A procedure MAKE-PAIR is called a "pairing procedure" if it satisfies the

PAIRING CONTRACT: There are procedures FIRST and SECOND such that
                 (first (make-pair <val0> <val1>)) ==> <val0>
and
                 (second (make-pair <val0> <val1>)) ==> <val1>
for all scheme values <val0>, <val1>.


There is a way to define pairing using only lambda-abstractions and
combinations -- no conditionals, numbers, or anything else.  Here's how:

(define (make-pair val0 val1)
  (lambda (which)
    (which val0 val1)))

So the object which represents the pair of 7 and 9 is the value
of (make-pair 7 9), namely
                       (lambda (which) (which 7 9)).

In A FIVE MINUTE PRESENTATION, supply the definitions of FIRST and SECOND
which fulfill the contract for this last definition of the MAKE-PAIR
procedure.  Carry out a simple substitution model example to illustrate
the way these definitions work.

The presentation should be self-contained, building only on concepts that
the rest of the class would be expected to know at the time of the
presentation.  It would be a good idea to practice the presentation at
least once WITH A TIMER, preferably in front of a friendly, supportive
audience such as a roommate.


                           SOLUTION (presented 9/24)

                (define (first pr)  (pr (lambda (x y) x)))
or in desugared form:
            (define first (lambda(pr) (pr (lambda (x y) x))))

Similarly,
                (define (second pr) (pr (lambda (x y) y)))


To see how these work, first
           (define pair-of-7and9 (lambda (which) (which 7 9)))

Now we do a substitution model calculation for

(first                                pair-of-7and9               )

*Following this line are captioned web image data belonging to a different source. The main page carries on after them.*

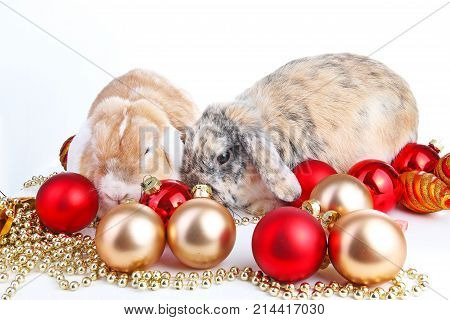 Lop and rabbit together. Animal friends. Sibling rivalry rabbit bunny pet white fox rex satin real live lop widder nhd german dwarf dutch lop bunny bunnies. Christmas animals. Christmas pets. Photo.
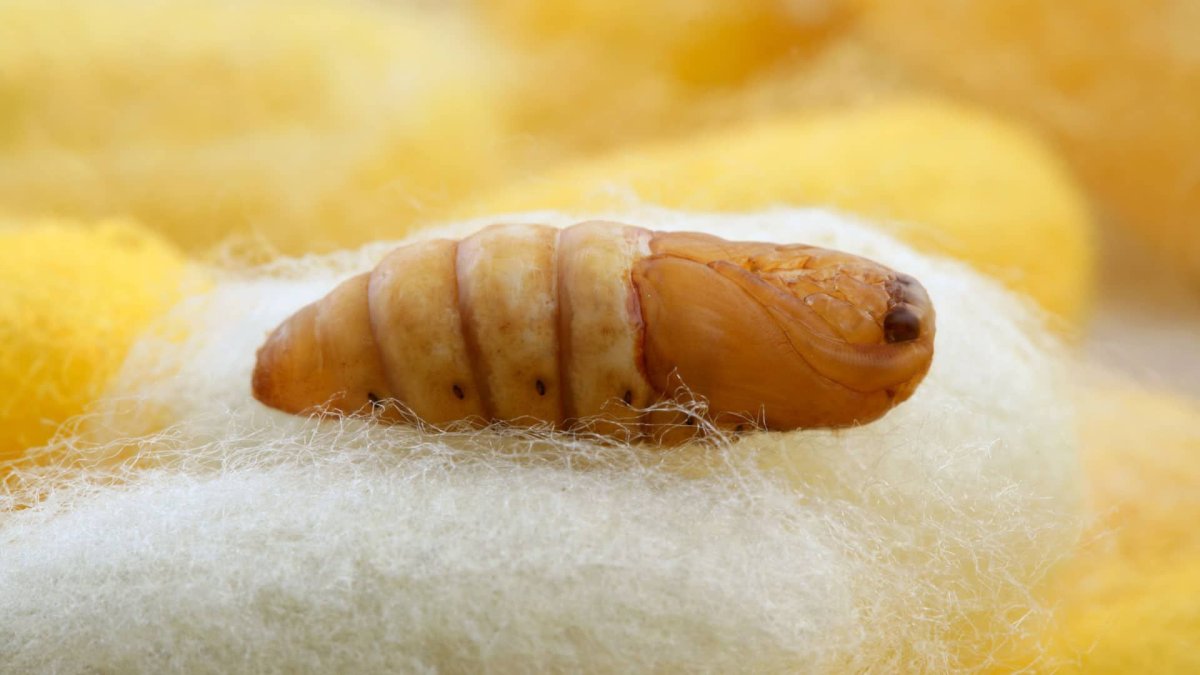 Гусеница линяет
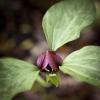 Trillium sessile (Sessile-flowered wake-robin)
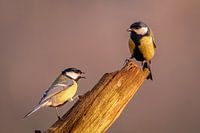 Great tits in conversation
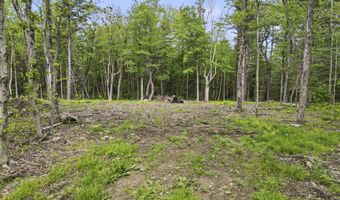 514 Fred Snow Rd, Becket, MA 01223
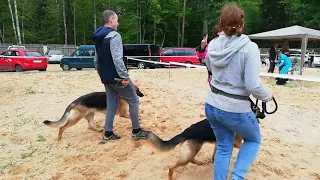 30.05.2021 г. Республиканская выставка, ринг немецких овчарок, г. Бобруйск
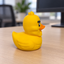 Gigachad Duck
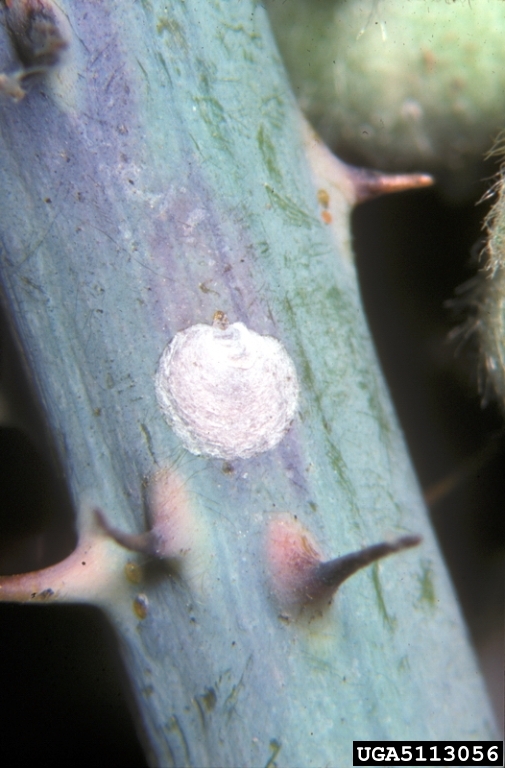 rose scale (Aulacaspis rosae)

       ;eval the components of the combination.  The components are the
       ;variables FIRST and PAIR-OF-7AND9 which are evaluated by looking
       ;up their definitions:

((lambda(pr) (pr (lambda (x y) x)) ) (lambda (which) (which 7 9)) )
             |                   |
             ---------------------
                operator body
 |                                 | |                          |
 ----------------------------------- ----------------------------
           operator                            operand


        ;next APPLY the operator value to the operand value, which means:
        ;substitute the operand for the formal parameter PR in the body
        ;of the operator:


            ((lambda (which) (which 7 9)) (lambda (x y) x)) )
             |                          |
             ----------------------------
                    PR was here

        ;since the components of the above combination are both lambda expressions
        ;(which is how we represent compound procedure values), we can immediately
        ;APPLY again:


                  ((lambda (x y) x) 7 9))
                   |              |
                   ----------------
                    WHICH was here

       ;and APPLY again:
                                 7
                                | |
                                 -
                             X was here

So indeed, (first pair-of-7and9) ==> 7.